– Должна тебе сказать, это действительно улучшает его брак, – заявила Абби. – Он говорит, что теперь его жена гораздо счастливее, чем в прежние годы. Сам он стал менее требовательным к ней. Причем во всем, а не только в сексе.
   – Понимаю, – вздохнула Барти.
   – Как бы то ни было, не думаю, что у нас с ним это продлится долго, – призналась Абби. – Но пока мы вместе, мы получаем немало удовольствия. Он покупает мне изумительные подарки. Например, этот браслет. Тебе нравится?
   Браслет был золотым и, сразу видно, очень дорогим.
   – Да. Очень красивый.
   – К тому же этот человек потрясающе умен. Мы с ним ведь не только сексом занимаемся. Мы ведем удивительно интересные разговоры.
   «Это уже побольше, чем бесплатное питание», – подумала Барти.

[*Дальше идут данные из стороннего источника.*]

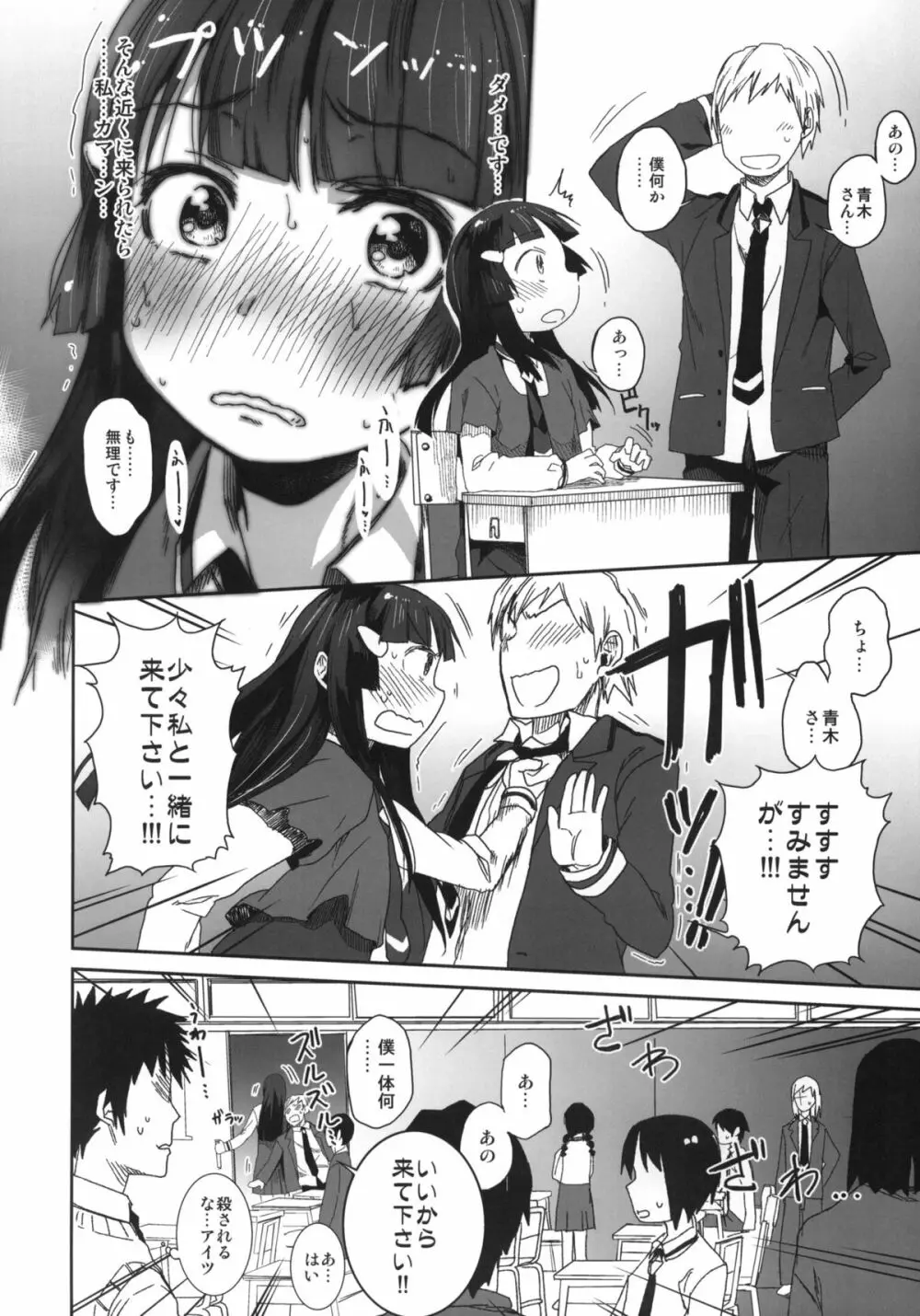 SMILE FOR YOU 5 - page7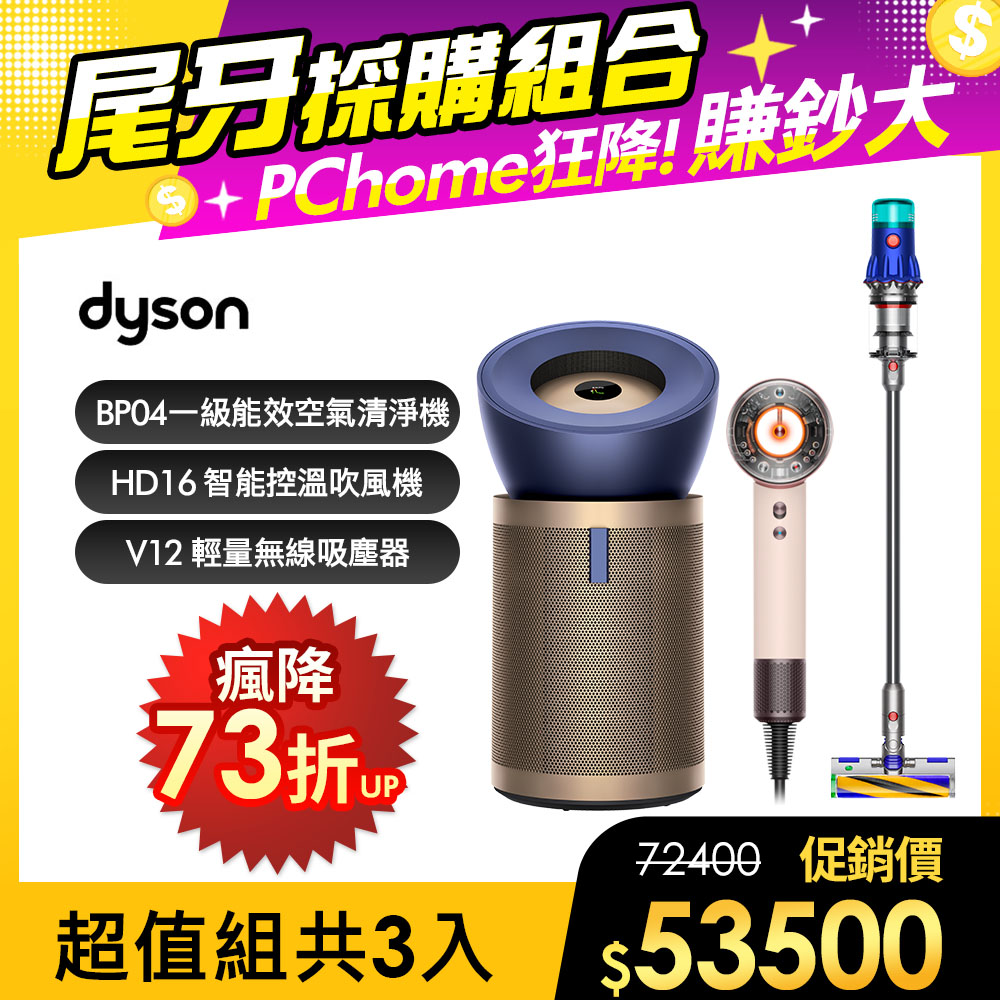 Dyson 戴森 BP04 強效極靜甲醛偵測清淨機+V12輕量智能吸塵器+HD16智慧吹風機粉霧玫瑰【超值組合】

   Потом она спросила, отнюдь не ожидая, что Абби ответит:
   – А кто этот мужчина?
   Барти не ошиблась. Абби ей ничего не сказала. Вскоре Барти ушла, чувствуя одновременно облегчение и какую-то неясную тревогу. То, что Абби ей поведала, было лишь вершиной айсберга. В этом Барти не сомневалась.
* * *
   В издательстве стало легче дышать. Беременность Хелены значительно разрядила напряженность. Джайлз сделался спокойнее и мягче. Натянутые отношения между ним и Барти вновь стали дружескими. Казалось, Джайлз наконец обрел то, что в полной мере создал сам, и это достижение, в реальности которого никто не сомневался, упрочило его статус во всех остальных частях его мира. «Надо же, как усердно потрудился этот еще не родившийся ребенок», – думала Барти, улыбаясь какой-то глупой шутке Джайлза, которой тот развлекал ее перед собранием. Кто знает, как изменится жизнь Джайлза, когда ребенок родится. Возможно, Джайлз даже сумеет изменить мнение Селии о своем старшем сыне.
* * *
   Иззи далеко не сразу сообразила, что не все отцы похожи на ее собственного. Друзей у нее было не много. В основном она бывала в двух семьях. Но у Литтонов Уол почти всегда работал в своем кабинете, как и ее отец, а ее визиты к Уорвикам почти целиком ограничивались просторной детской.
   Жизнь в доме Уорвиков сильно отличалась от жизни в ее доме. Наверное, потому, что там было много детей. Когда дядя Бой – так ей велели называть этого человека – заходил в детскую, дети гурьбой бежали к нему, вскарабкивались на колени и требовали, чтобы он почитал им книжку. Дядя Бой даже вставал на четвереньки, изображая лошадь, и катал их на спине. Детский ум Иззи искал ответ на вопрос: почему там так шумно и весело? Наверное, тоже потому, что там много детей. Будь у дяди Боя один ребенок, тогда бы и он вел себя как ее отец, говоривший, что ему некогда с нею возиться.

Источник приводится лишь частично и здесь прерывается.